== RECORDED INFORMATION ==
--

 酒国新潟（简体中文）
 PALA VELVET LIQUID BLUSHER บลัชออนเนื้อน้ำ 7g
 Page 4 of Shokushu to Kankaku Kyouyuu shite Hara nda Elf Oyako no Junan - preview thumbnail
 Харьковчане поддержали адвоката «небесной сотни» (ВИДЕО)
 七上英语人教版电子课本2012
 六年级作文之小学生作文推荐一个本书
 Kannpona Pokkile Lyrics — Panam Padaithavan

--

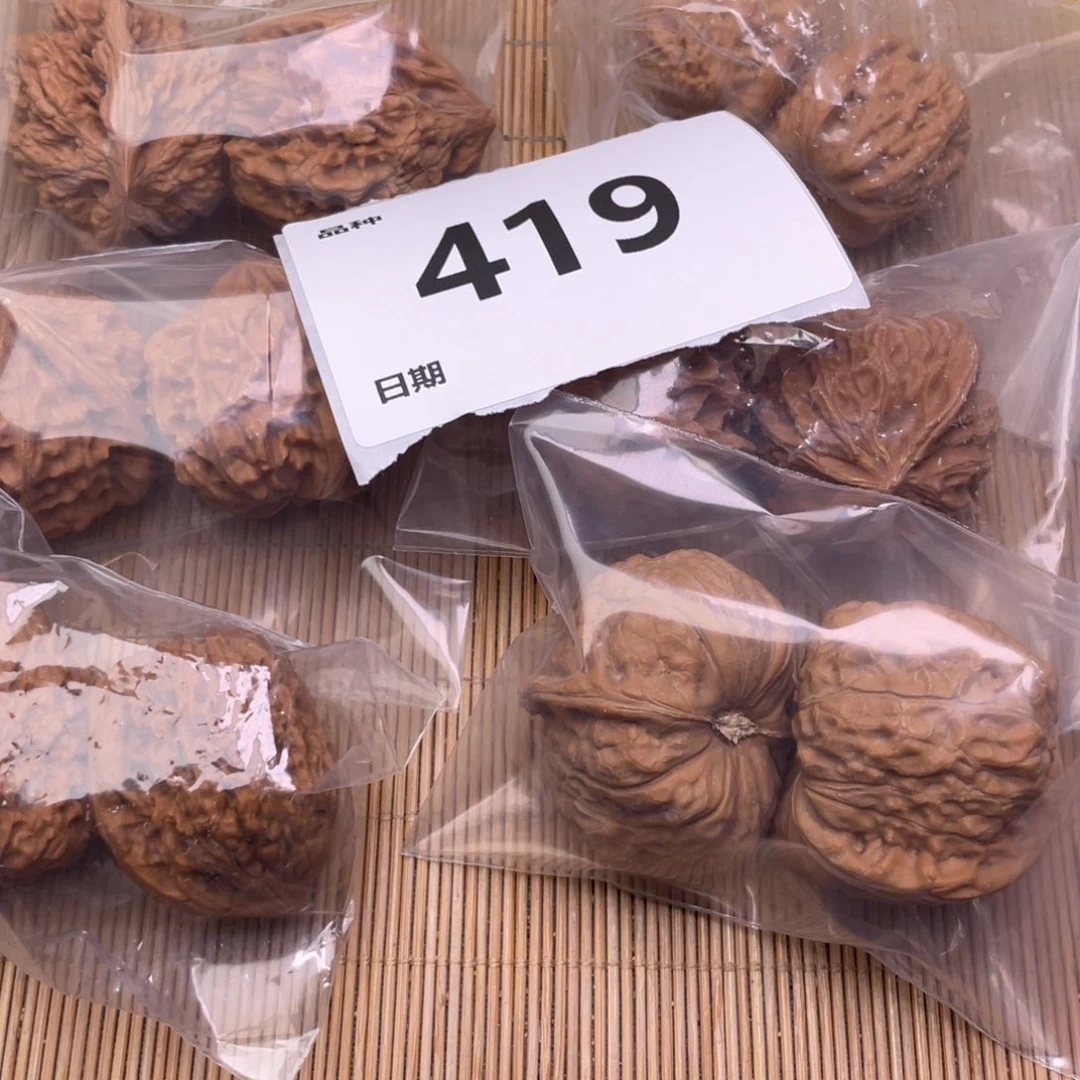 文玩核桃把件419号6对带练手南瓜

--

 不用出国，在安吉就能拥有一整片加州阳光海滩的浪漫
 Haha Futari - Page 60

--

== PROBLEM REQUIREMENTS ==
The expected output is every line of the records in which the string "Page" appears.

== ANSWER SECTION ==
 Page 4 of Shokushu to Kankaku Kyouyuu shite Hara nda Elf Oyako no Junan - preview thumbnail
 Haha Futari - Page 60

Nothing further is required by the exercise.